Anwar Bakht Choudhury (; born 15 June 1959) is a British diplomat of Bangladeshi origin. He was Governor of the Cayman Islands until he was recalled in June 2018 after less than three months in post. Prior to that, he was British Ambassador to Peru, Director of International Institutions at the Foreign & Commonwealth Office and High Commissioner to Bangladesh.

Early life
Choudhury was born on 15 June 1959, to a Bengali Muslim family in East Pakistan (now Bangladesh). His family is originally from the village of Prabhakarpur, Patli Union, Jagannathpur, Sunamganj, and moved to the United Kingdom when he was young.

Education
Choudhury followed an unusual route into the Diplomatic Service; in 1985, he attained a BSc in Electrical and Electronic Engineering from the University of Salford. He worked at Siemens Plessey, before entering the Civil Service as an engineering strategist with the Royal Air Force. In 1995, he graduated with a Master of Business Administration from Durham University.

Career
Choudhury was promoted through the Ministry of Defence until 2000, when he was recruited by the Cabinet Office, before being headhunted for the position of High Commissioner to Bangladesh. He was succeeded in 2008 by Stephen Evans. When he was appointed as High Commissioner to Bangladesh in 2004, he became one of the first two British ambassadors from ethnic minority backgrounds to be appointed in modern times (the other being Alp Mehmet, who was appointed Ambassador to Iceland). He was sworn in as Governor of the Cayman Islands on 26 March 2018.

Grenade attack

On 21 May 2004, Choudhury was targeted in a failed grenade attack, in which he was wounded and two bystanders were killed.
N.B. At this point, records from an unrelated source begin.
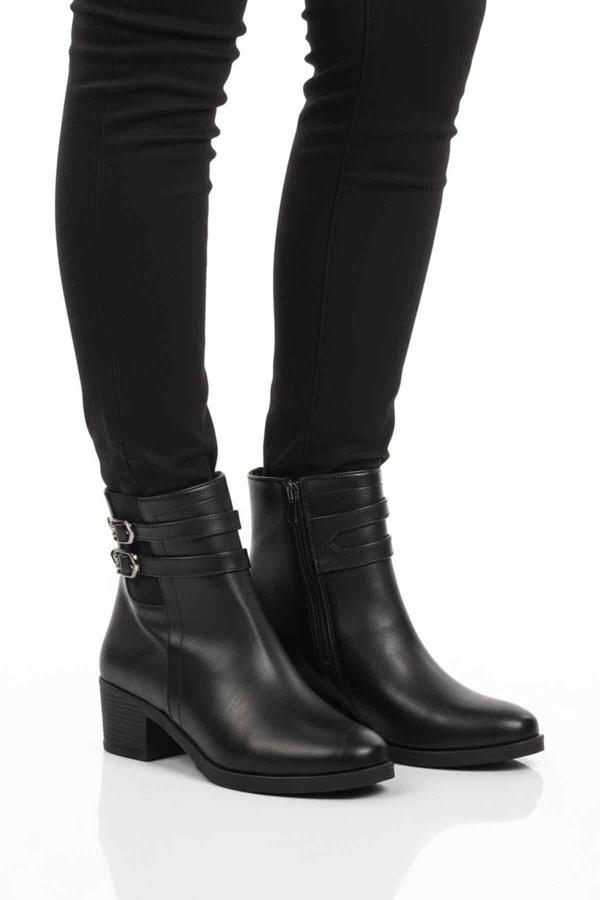 Siyah İçi Kürklü Topuklu Kadın Bot 1006 Z - Image 1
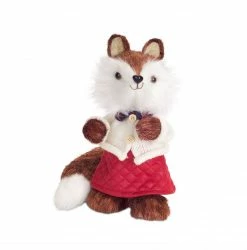 Diva At Home 10.75" Brown And White Mrs. Fox Wearing Dress Christmas Decoration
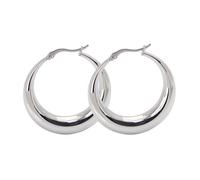 Orecchini a Cerchio Grossi in Oro 18 Carati per Donne Orecchini Grandi in Acciaio Inossidabile Orecchini a Cerchio Rotondi Huggie Orecchini a Tubo Cavo Orecchini Spessi (Argento)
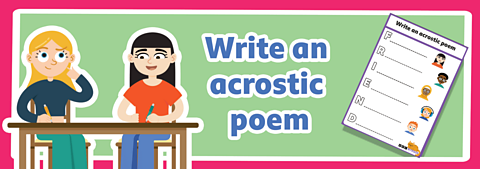 Acrostic poem activity sheet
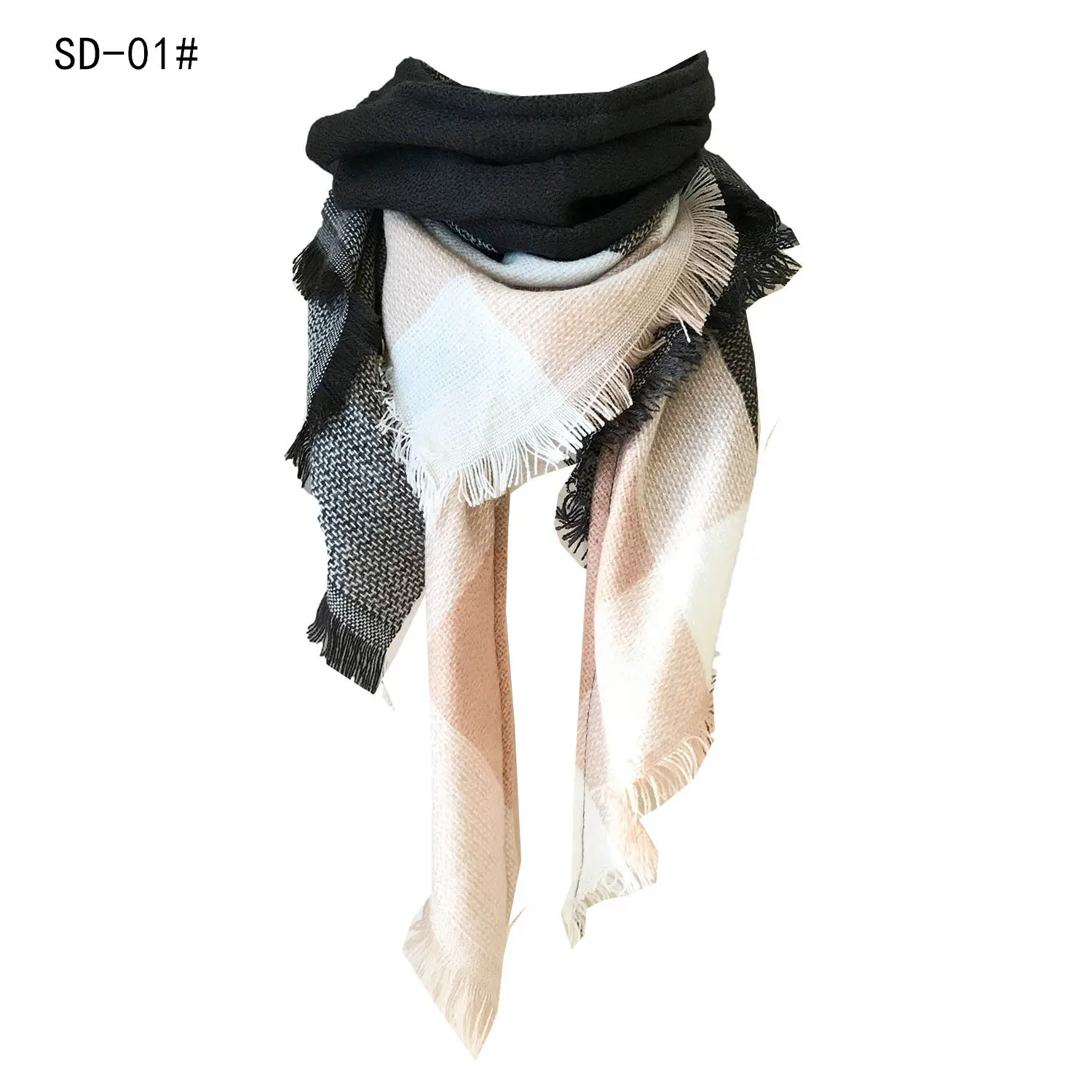 Purple Plaid Cashmere Shawl SD-17# - Image 20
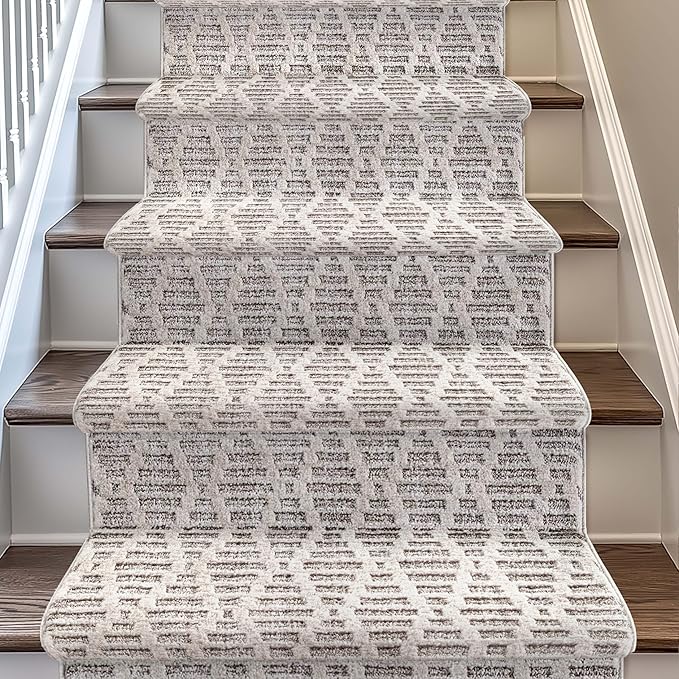 Well Woven Custom Size Hallway & Stair Runner- Harlow Babylon Taupe 31 Inches Wide x 12 Feet Long Runner (31" x 12') Runner Rug - Moroccan Diamond Pattern, Ultra-Soft, Easy-Clean
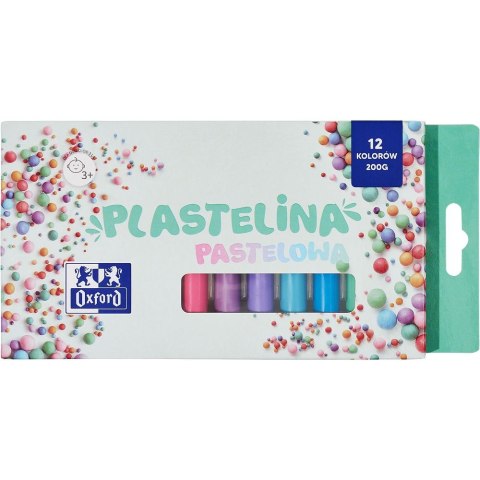 Plastelina 12 kol. pastelowa mix 200g Oxford (400178108) Oxford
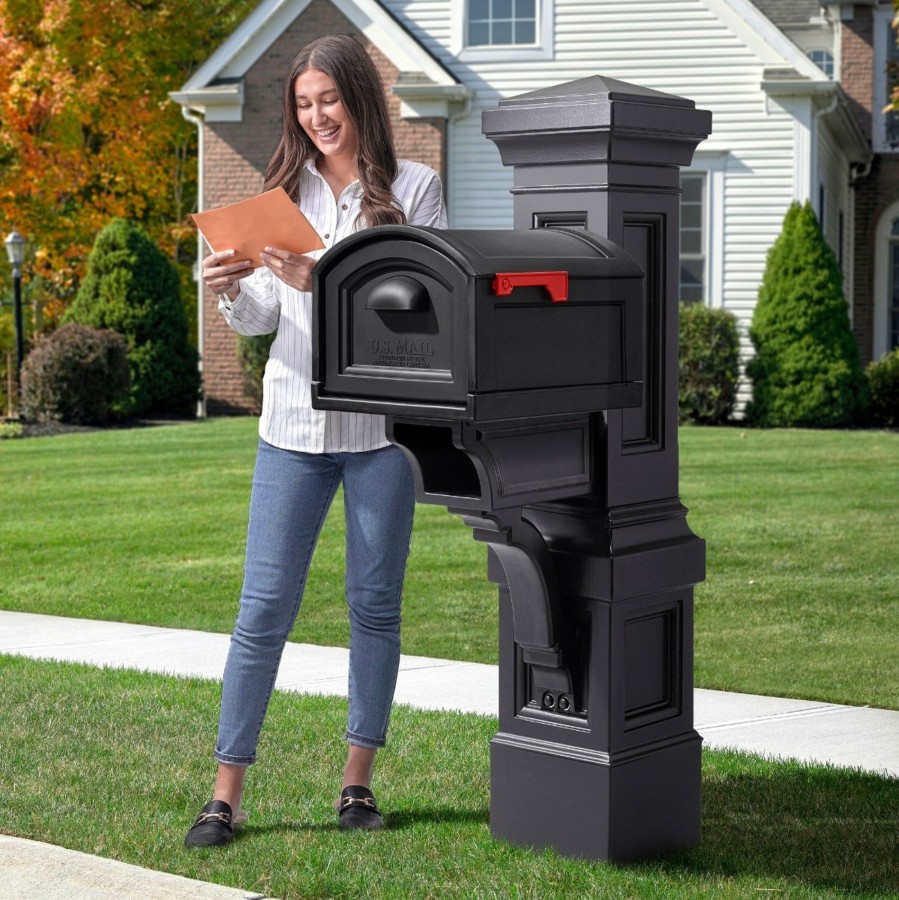 Home & Patio Step2 Mailboxes & Posts | Atherton Grand Mail Post - Onyx Black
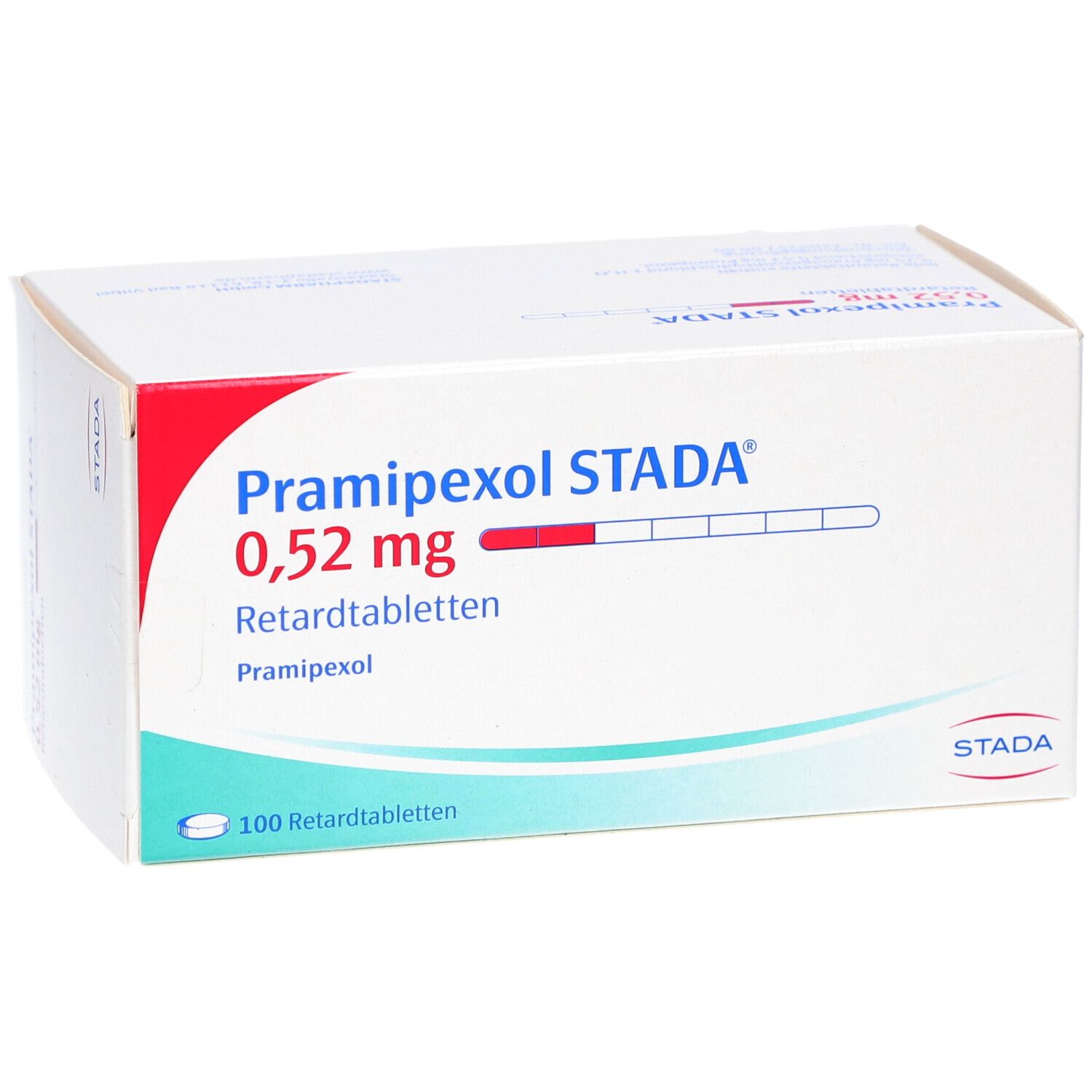 Weiße Schachtel mit roter und blauer Beschriftung. Aufschrift: PRAMIPEXOL STADA 0,52 mg Retardtabletten. 100 Retardtabletten.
The attempted assassination came as he was leaving the Dargah-e-Shah Jalal mosque in Sylhet Division, his home province, following Jumu'ah (Friday prayers). In December 2008, three attackers were sentenced to death
and two others to life in prison for the attack.

Recall to London
Choudhury was recalled to London in June 2018 for multiple allegations of misconduct. On 20 September 2018 it was announced that he would not be returning to the Cayman Islands.

Personal life
Choudhury is a Muslim. His main interests include folk music of Bengal (baul). He is also passionate about community integration and protection of the UK abroad. He is married to Momina Choudhury and has three daughters. He also has a son from his first marriage. He has three brothers. His hobbies include playing cricket and bridge. He has interest in Bangladeshi cuisine too. 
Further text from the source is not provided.